• _DATASET CONTENT_
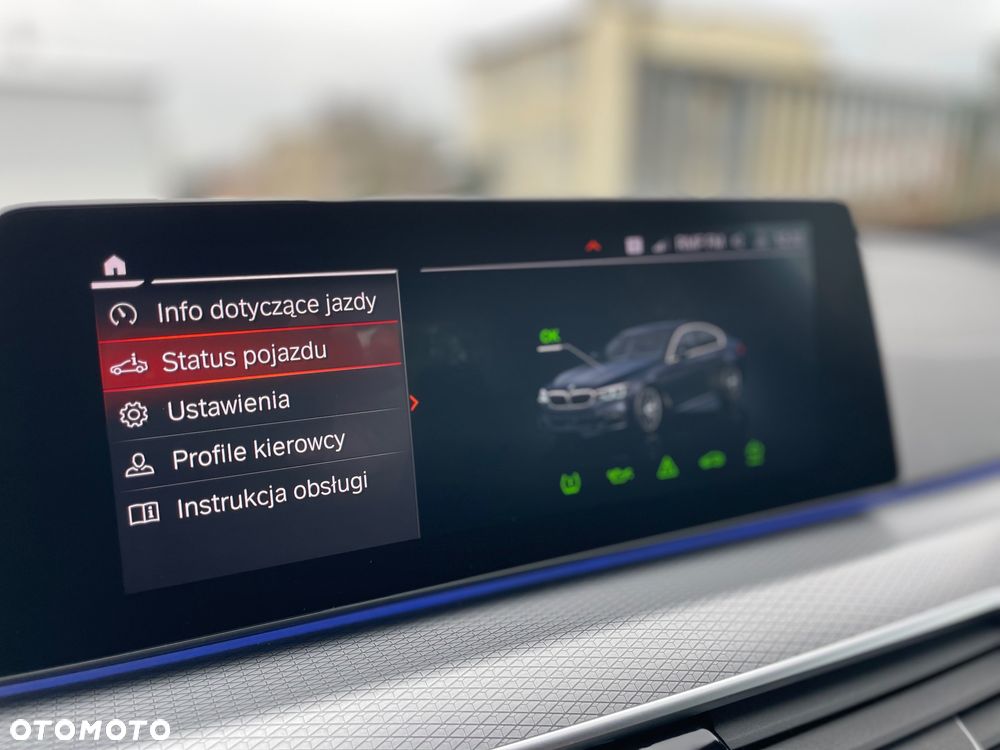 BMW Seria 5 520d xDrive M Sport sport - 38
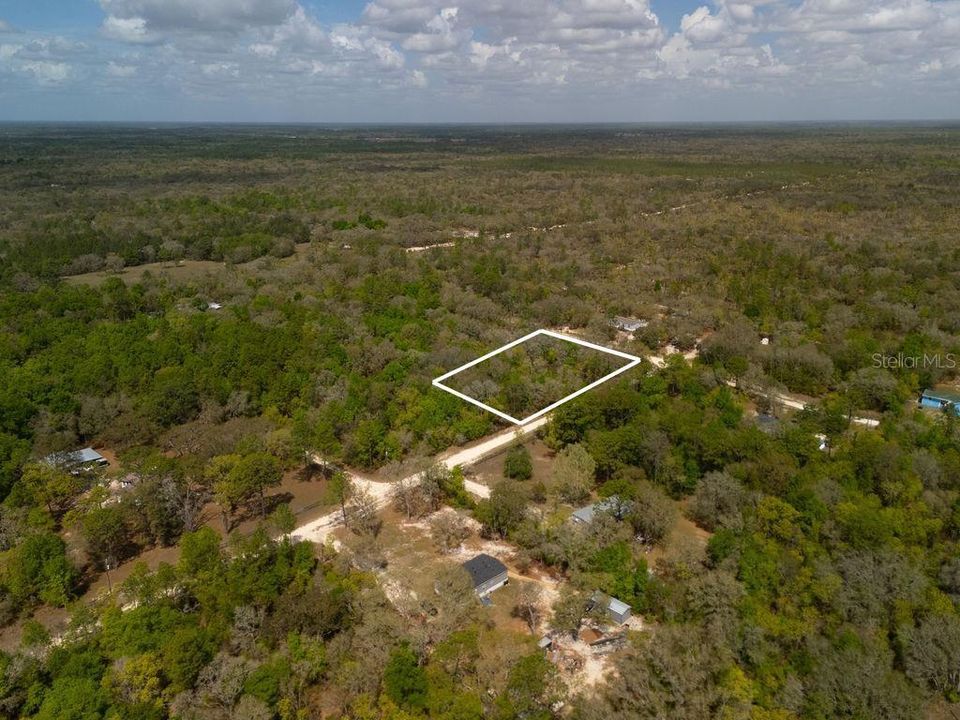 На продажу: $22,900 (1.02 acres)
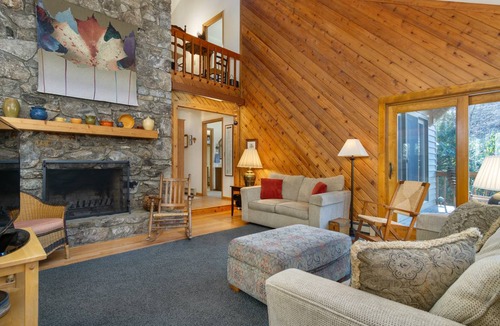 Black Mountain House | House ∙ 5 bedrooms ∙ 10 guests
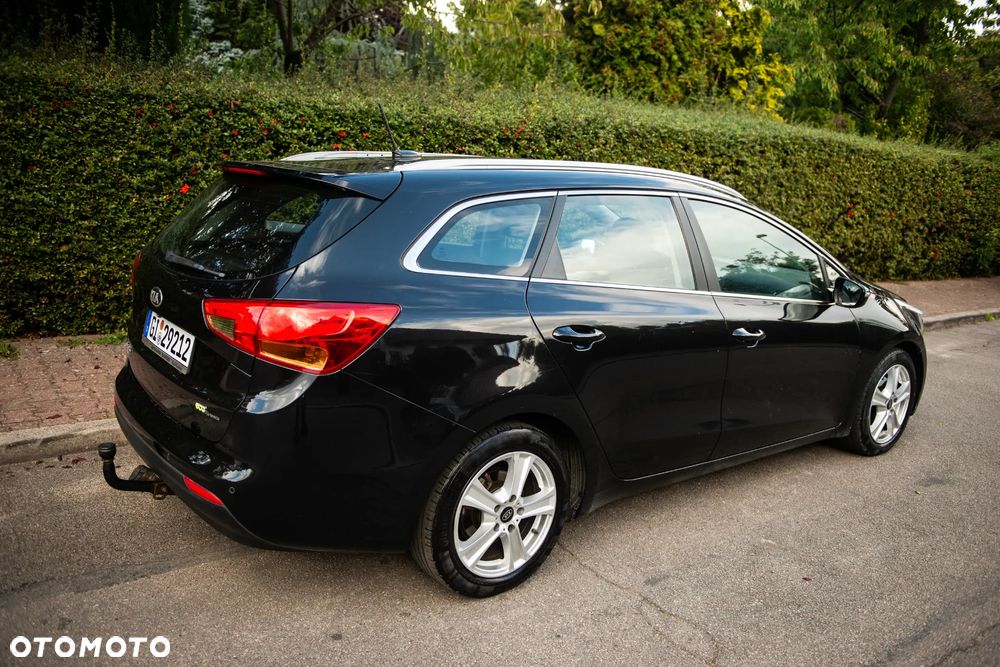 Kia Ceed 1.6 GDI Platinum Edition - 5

• _PROBLEM_
Once the pictures are set aside, what is needed is the lines from the line with "На продажу: $22,900 (1.02 acres)" through the end of the data, written out exactly and alone.

• _ANSWER SPACE_
 На продажу: $22,900 (1.02 acres)
 Black Mountain House | House ∙ 5 bedrooms ∙ 10 guests
 Kia Ceed 1.6 GDI Platinum Edition - 5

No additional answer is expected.